2. I'll be interested to see how this pans out for people where errors are found.
My personal view is that the focus should be on errors that do change the conclusions of the paper.
I think at least a sample of these should be hand-checked so we have some idea of the error rate - I'm not sure if this has been done, but the PubPeer comment certainly gave no indication of that - it just basically said there's probably an error in your stats but we can't guarantee that there is, putting the onus on the author to then check it out.
If it's known that on 99% of occasions the automated check is accurate, then fine. If the accuracy is only 90% I'd be really unhappy about the current process as it would be leading to lots of people putting time into checking their papers on the basis of an insufficiently sensitive diagnostic. It would make the authors of the comments look frankly lazy in stirring up doubts about someone's work and then leaving them to check it out.
In epidemiology the terms sensitivity and specificity are used to refer to the accuracy of a diagnostic test. Minimally if the sensitivity and specificity of the automated stats check is known, then those figures should be provided with the automated message.

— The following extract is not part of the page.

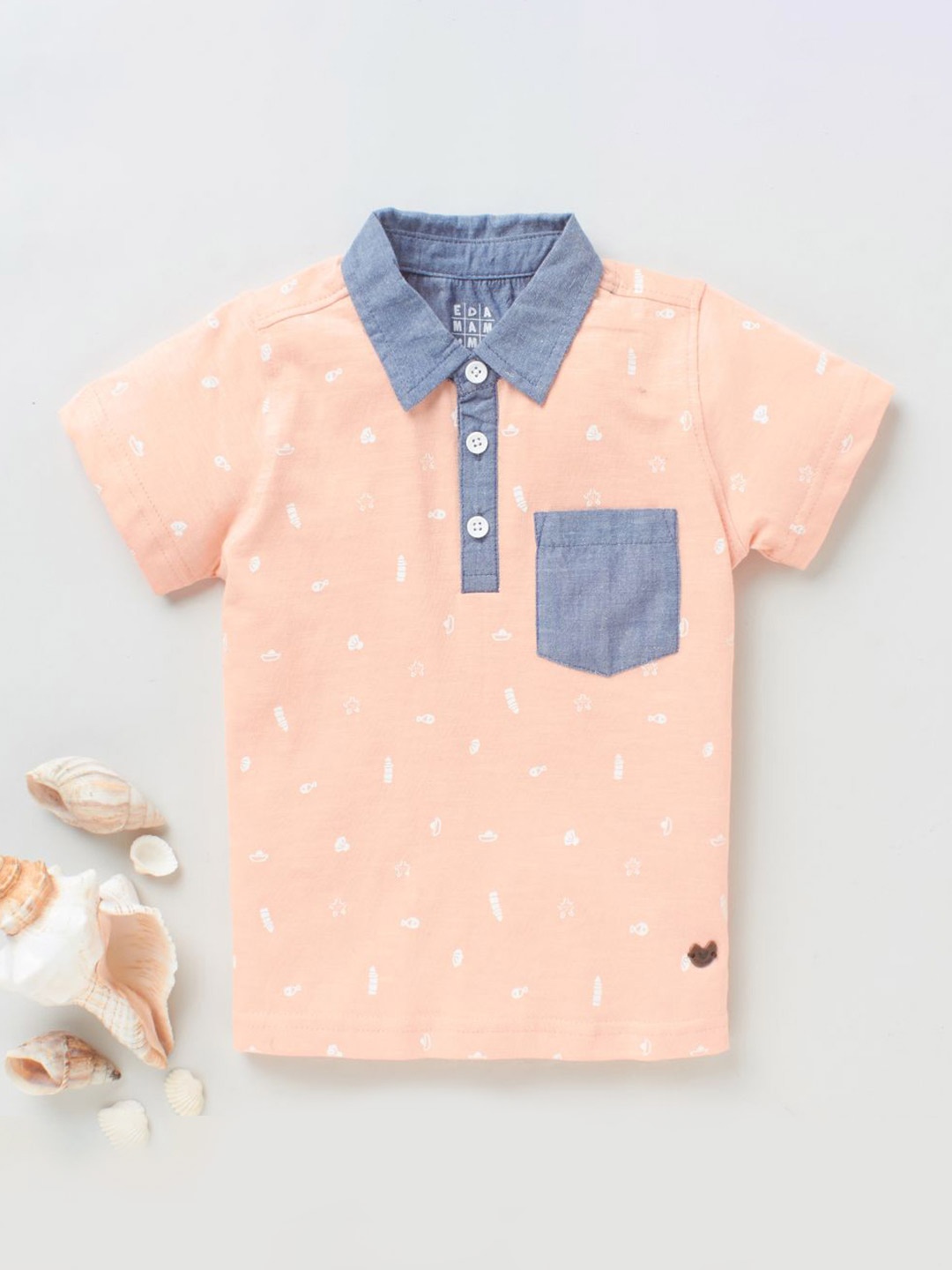 

Ed-a-Mamma Boys Peach-Coloured Printed Polo Collar Pure Cotton Bio Finish T-shirt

The above was written before Dalmeet drew my attention to the second paper, in which errors had been found. Here’s how I responded to that:

I hadn't seen the 2nd paper - presumably because I was not the corresponding author on that one. It's immediately apparent that the problem is that F ratios have been reported with one degree of freedom, when there should be two. In fact, it's not clear how the automated program could assign any p-value in this situation.

I'll communicate with the first author, Thalia Eley, about this, as it does need fixing for the scientific record, but, given the sample size (on which the second, missing, degree of freedom is based), the reported p-values would appear to be accurate.
  I have added a comment to this effect on the PubPeer site.


* I was thinking here of Gricean maxims, especially maxim of relation.